Tuesday, July 27, 2010

Fringe Benefits

I was at Andy's Way foraging glasswort this evening. It's one of the ingredients in my seaweed salad. It's a succulent and grows abundantly in the mudflats as can be seen above. It is delicious raw or sauteed in oil or butter. It is quite salty and is also sometimes called sea pickle.
.
Andy's Way is one of those magical in-between places. I remember loving it when I was a kid. My brother and I used to scavenge the shore for baby horseshoe crab shells. We thought they were the most marvelous thing in all of existence. I found one tonight, and it was just as marvelous as I remembered, maybe even more so since I find myself regaining a great sense of wonder at the beauty of the world that I hadn't even realized I'd lost. That's one of the good things about spending the winter in Providence. I loved Block Island so much more after living somewhere that wasn't quite as beautiful as Peru and Hawaii, where I spent the past two previous winters. It is so easy to lose sight of this beauty, even when it is all around us here on Block Island. We get so busy, caught up in our dramas, some of which are real and worthy of our attention they generally indicate a place where we need to grow. But if we don't grow we run the risk of circling in the same stories instead of entering a new one where we will learn the next set of lessons our soul needs to evolve.

I am in the process of shifting into a new story. It is quite painful. I am doing my best not to intellectualize it. Foraging gets me out of my mind, into the moment, calms my emotions. It is a great gift. Tonight, kneeling on the mudflats picking the most succulent stalks of glasswort, it was easy to imagine myself a Manissean woman doing just the same thousands of years ago. My cousin tells me my Uncle Herman says of me with derision, "she eats weeds."

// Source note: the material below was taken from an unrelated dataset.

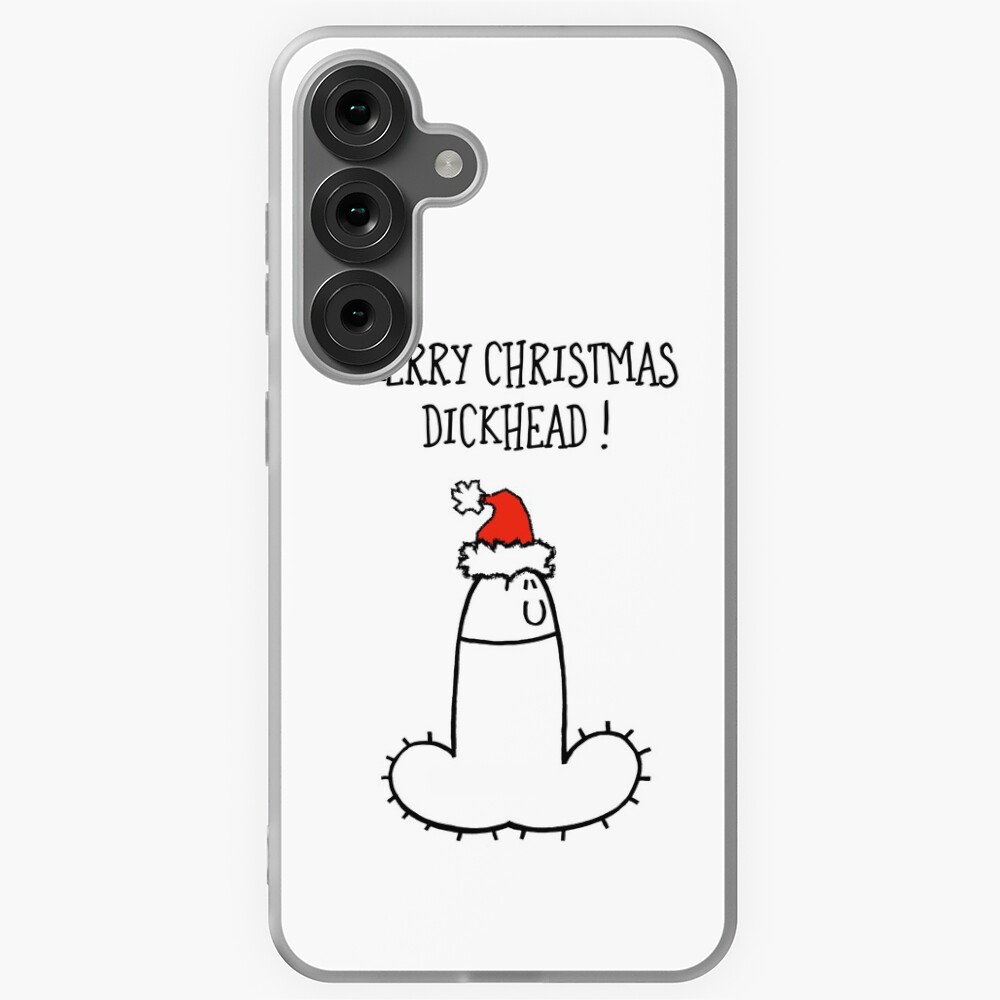 Item preview, Samsung Galaxy Soft Case designed and sold by AdamRegester.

Of course I eat weeds! What sane person wouldn't? The insanity is buying food from the grocery store. Of course I still do. I spent eight dollars on a carton of coconut water tonight, something I could have foraged if I was still living in Hawaii. I don't regret it, but I do feel a little guilty. If I could never drink it again, I'll admit, I would miss it. I would long for a fresh, green coconut and wish myself back in Hawaii where they fall from the trees. It would be possible to live alone on wild foods, but it would be a mighty task to complete on one's own. The British forager Fergus Drennan who originally inspired me to get out in the fields and on the rocks tried it, (his goal was to live on wild foods only for a year), but found it too difficult to do while still  paying rent, etc., while still living in a money economy.  You can read about his attempt at http://www.wildmanwildfood.com/.

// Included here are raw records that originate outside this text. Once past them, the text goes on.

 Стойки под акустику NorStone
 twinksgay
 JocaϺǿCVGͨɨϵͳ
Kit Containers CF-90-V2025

 I remember writing him and telling him how much I admired his attempt, and telling him not to see himself as a failure. Foraging, living off the land, works best as a collective enterprise. It needs a tribe and lots of time. The pressures of modern day life are not conducive to the practice of wildness. I am doing my best to hold the energy of wild Block Island in the midst of the summer mayhem, but it's hard a lot of the time. I, too, live half-in half-out of the money economy, mostly because I have to. I get tired of riding my bike around. It's been quite exhausting in the heat. Tired of hauling thirty pounds of seaweed up cliffs and in my bike basket back into town. However, if I had the choice, if there was a tribe who wanted to do it with me, I think I  would do it. I think I am ready to slip out of the money economy into the tribal world, rather like an otter. We'd have a lot more time to play on the banks of the river. A lot more time to enjoy sunsets like the one I saw at Andy's Way tonight foraging glasswort. What a fringe benefit. What a bonus. Thank you sun. Thank you oystercatchers who flew over me. Thank you gentle, warm waves of the Great Salt Pond. May you be given back a thousandfold all that you give to us.